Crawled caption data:

________________

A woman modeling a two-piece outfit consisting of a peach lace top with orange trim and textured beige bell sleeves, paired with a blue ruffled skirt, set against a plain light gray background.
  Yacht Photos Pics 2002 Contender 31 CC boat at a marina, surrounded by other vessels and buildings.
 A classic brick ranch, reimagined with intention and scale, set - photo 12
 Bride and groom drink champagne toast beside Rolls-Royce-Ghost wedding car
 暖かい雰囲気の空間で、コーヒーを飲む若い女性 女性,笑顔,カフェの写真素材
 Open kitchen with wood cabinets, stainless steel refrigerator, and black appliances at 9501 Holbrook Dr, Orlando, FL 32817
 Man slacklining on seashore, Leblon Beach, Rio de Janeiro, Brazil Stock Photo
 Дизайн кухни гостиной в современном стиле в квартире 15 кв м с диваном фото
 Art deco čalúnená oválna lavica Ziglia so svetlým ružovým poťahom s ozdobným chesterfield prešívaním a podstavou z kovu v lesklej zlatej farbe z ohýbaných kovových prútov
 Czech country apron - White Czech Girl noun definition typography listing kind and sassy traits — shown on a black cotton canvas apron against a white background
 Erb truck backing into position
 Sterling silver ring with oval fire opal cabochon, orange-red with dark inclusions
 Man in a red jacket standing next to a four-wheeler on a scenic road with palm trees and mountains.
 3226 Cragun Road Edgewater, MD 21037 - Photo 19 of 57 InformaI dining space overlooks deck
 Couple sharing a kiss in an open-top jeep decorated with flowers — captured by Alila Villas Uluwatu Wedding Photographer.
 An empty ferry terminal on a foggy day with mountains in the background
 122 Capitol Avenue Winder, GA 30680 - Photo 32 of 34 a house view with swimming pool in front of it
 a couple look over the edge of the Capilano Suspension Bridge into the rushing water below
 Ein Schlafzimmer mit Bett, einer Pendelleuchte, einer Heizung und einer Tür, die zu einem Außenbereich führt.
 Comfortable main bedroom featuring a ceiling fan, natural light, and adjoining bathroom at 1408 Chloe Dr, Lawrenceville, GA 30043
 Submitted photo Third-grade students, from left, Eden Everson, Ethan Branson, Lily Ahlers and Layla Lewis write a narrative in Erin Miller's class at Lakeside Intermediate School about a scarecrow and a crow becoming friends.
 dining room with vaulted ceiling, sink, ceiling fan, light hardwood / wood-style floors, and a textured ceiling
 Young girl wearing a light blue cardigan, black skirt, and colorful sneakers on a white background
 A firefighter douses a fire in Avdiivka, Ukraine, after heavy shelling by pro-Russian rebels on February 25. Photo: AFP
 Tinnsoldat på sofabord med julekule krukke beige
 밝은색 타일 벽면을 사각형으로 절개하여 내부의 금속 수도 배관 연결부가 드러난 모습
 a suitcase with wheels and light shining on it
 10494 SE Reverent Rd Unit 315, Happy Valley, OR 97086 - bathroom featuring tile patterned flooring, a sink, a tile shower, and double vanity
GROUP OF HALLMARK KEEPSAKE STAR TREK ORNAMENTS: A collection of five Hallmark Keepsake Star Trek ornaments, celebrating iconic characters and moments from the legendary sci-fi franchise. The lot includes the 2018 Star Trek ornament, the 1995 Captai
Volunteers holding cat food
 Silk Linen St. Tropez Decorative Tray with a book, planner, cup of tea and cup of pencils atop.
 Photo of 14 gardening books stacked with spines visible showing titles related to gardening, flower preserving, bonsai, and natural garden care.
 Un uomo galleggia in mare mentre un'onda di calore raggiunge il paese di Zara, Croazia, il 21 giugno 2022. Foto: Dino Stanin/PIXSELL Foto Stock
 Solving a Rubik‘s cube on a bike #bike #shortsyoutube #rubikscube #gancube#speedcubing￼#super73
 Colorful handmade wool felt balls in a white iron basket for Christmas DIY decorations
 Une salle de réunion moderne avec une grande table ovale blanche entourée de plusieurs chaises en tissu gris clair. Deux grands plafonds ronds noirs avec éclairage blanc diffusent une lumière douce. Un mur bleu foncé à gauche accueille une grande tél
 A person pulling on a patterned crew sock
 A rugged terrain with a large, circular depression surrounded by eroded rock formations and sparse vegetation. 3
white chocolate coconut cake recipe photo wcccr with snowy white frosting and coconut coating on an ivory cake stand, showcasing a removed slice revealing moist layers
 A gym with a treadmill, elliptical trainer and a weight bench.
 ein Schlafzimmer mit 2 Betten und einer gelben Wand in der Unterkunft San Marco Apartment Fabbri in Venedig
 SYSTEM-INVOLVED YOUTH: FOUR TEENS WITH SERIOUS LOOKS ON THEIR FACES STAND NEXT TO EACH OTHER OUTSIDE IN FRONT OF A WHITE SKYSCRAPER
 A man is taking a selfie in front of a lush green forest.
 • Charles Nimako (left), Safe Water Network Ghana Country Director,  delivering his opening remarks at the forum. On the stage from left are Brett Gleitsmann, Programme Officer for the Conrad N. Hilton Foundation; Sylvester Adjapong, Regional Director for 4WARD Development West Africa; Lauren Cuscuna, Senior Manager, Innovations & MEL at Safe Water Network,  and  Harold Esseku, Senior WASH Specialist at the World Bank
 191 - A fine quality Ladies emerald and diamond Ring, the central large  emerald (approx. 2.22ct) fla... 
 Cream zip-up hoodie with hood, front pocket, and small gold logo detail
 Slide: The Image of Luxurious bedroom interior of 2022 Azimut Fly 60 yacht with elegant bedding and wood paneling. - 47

________________

### What the exercise asks
Starting with the line that holds "Bride and groom" and ending with the line that holds "An empty ferry", retype every line in the data above exactly, and nothing else.

### Exercise response
 Bride and groom drink champagne toast beside Rolls-Royce-Ghost wedding car
 暖かい雰囲気の空間で、コーヒーを飲む若い女性 女性,笑顔,カフェの写真素材
 Open kitchen with wood cabinets, stainless steel refrigerator, and black appliances at 9501 Holbrook Dr, Orlando, FL 32817
 Man slacklining on seashore, Leblon Beach, Rio de Janeiro, Brazil Stock Photo
 Дизайн кухни гостиной в современном стиле в квартире 15 кв м с диваном фото
 Art deco čalúnená oválna lavica Ziglia so svetlým ružovým poťahom s ozdobným chesterfield prešívaním a podstavou z kovu v lesklej zlatej farbe z ohýbaných kovových prútov
 Czech country apron - White Czech Girl noun definition typography listing kind and sassy traits — shown on a black cotton canvas apron against a white background
 Erb truck backing into position
 Sterling silver ring with oval fire opal cabochon, orange-red with dark inclusions
 Man in a red jacket standing next to a four-wheeler on a scenic road with palm trees and mountains.
 3226 Cragun Road Edgewater, MD 21037 - Photo 19 of 57 InformaI dining space overlooks deck
 Couple sharing a kiss in an open-top jeep decorated with flowers — captured by Alila Villas Uluwatu Wedding Photographer.
 An empty ferry terminal on a foggy day with mountains in the background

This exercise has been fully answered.